Records from a data collection:
——————————

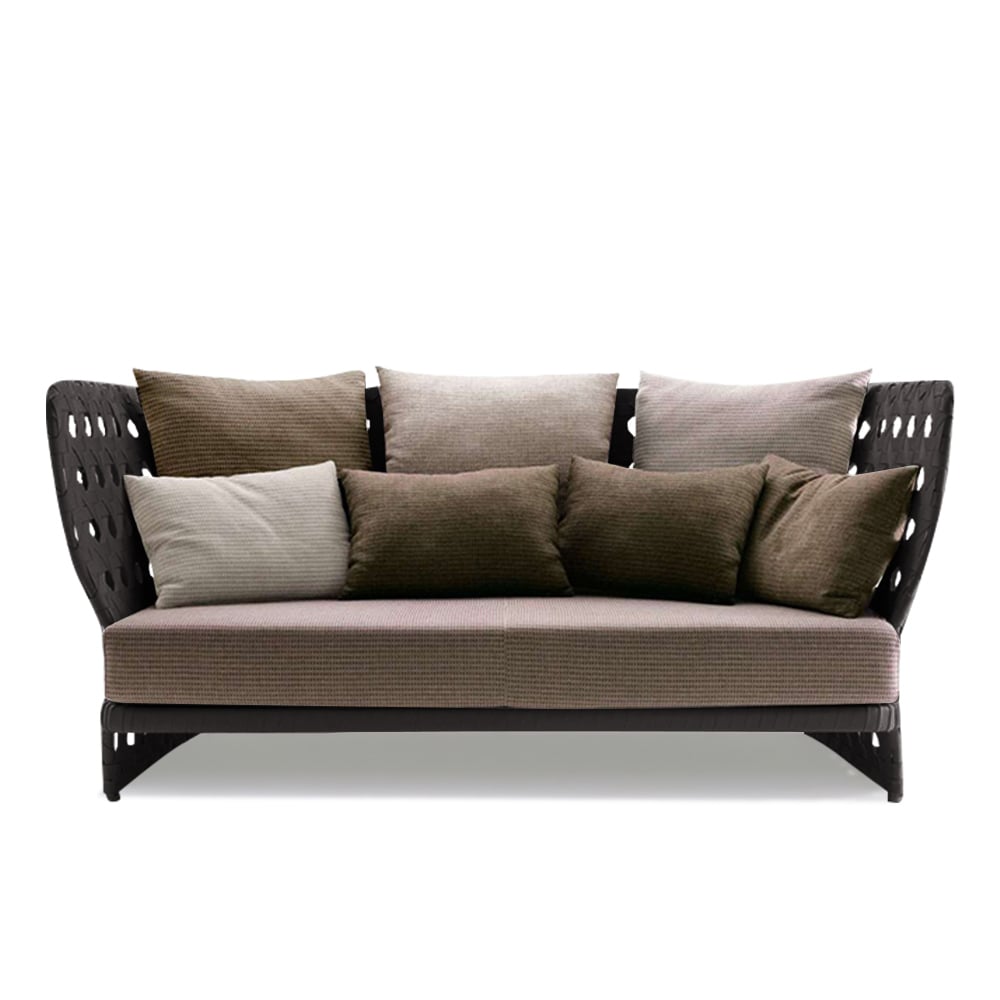 Causeuse d'extérieur à dossier haut de style italien de 1450 mm avec coussin et oreillers image de fenêtre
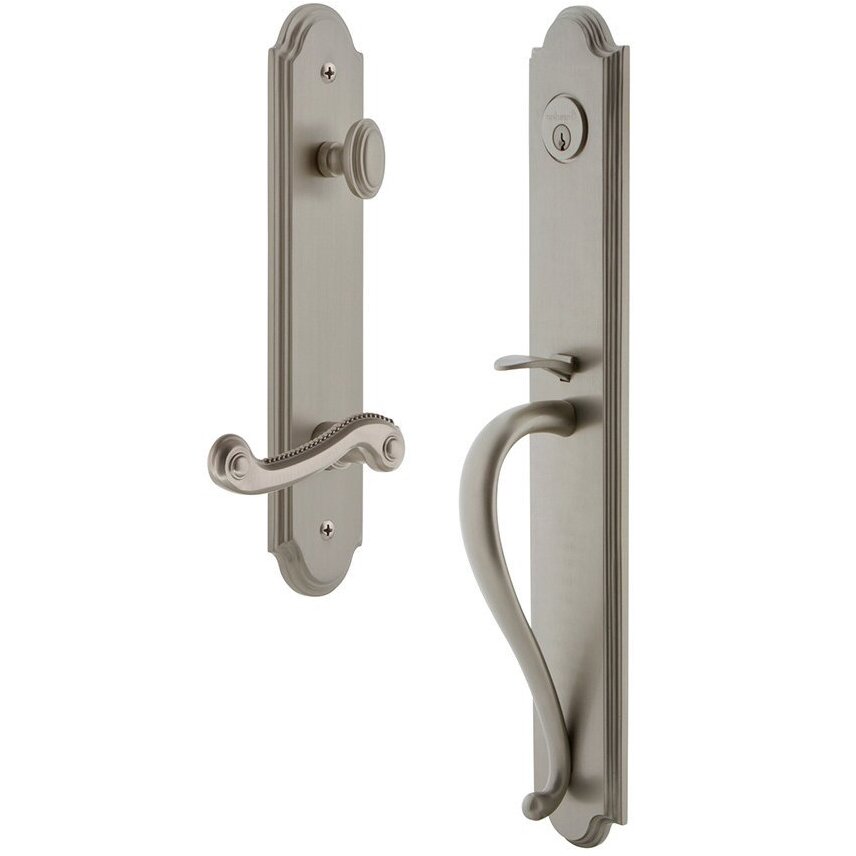 Arc One-Piece Handleset with S Grip and Newport Right Handed Lever in Satin Nickel
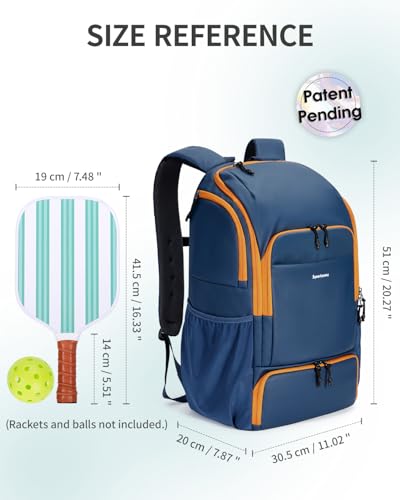sportsnew Waterproof Pickleball Bag with Shoe Compartment, Navy Blue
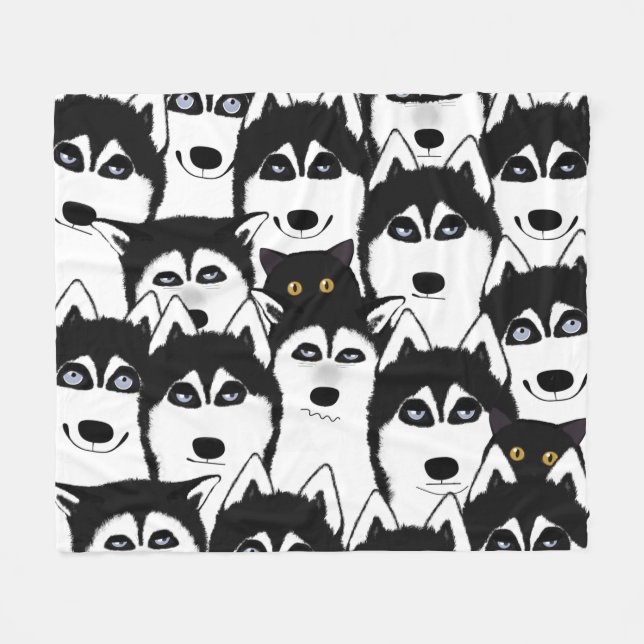 Manta Polar Huskies Fleece Blanket (Frente (Horizontal))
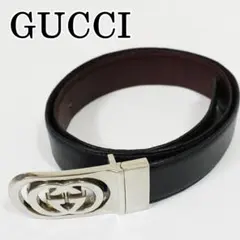 グッチ ベルト インターロッキングG レザー シルバー ブラック GUCCI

——————————

What is expected → Although the records contain pictures, restate them word for word with those pictures left out.

Answer for the task →
 Causeuse d'extérieur à dossier haut de style italien de 1450 mm avec coussin et oreillers image de fenêtre
 Arc One-Piece Handleset with S Grip and Newport Right Handed Lever in Satin Nickel
sportsnew Waterproof Pickleball Bag with Shoe Compartment, Navy Blue
 Manta Polar Huskies Fleece Blanket (Frente (Horizontal))
 グッチ ベルト インターロッキングG レザー シルバー ブラック GUCCI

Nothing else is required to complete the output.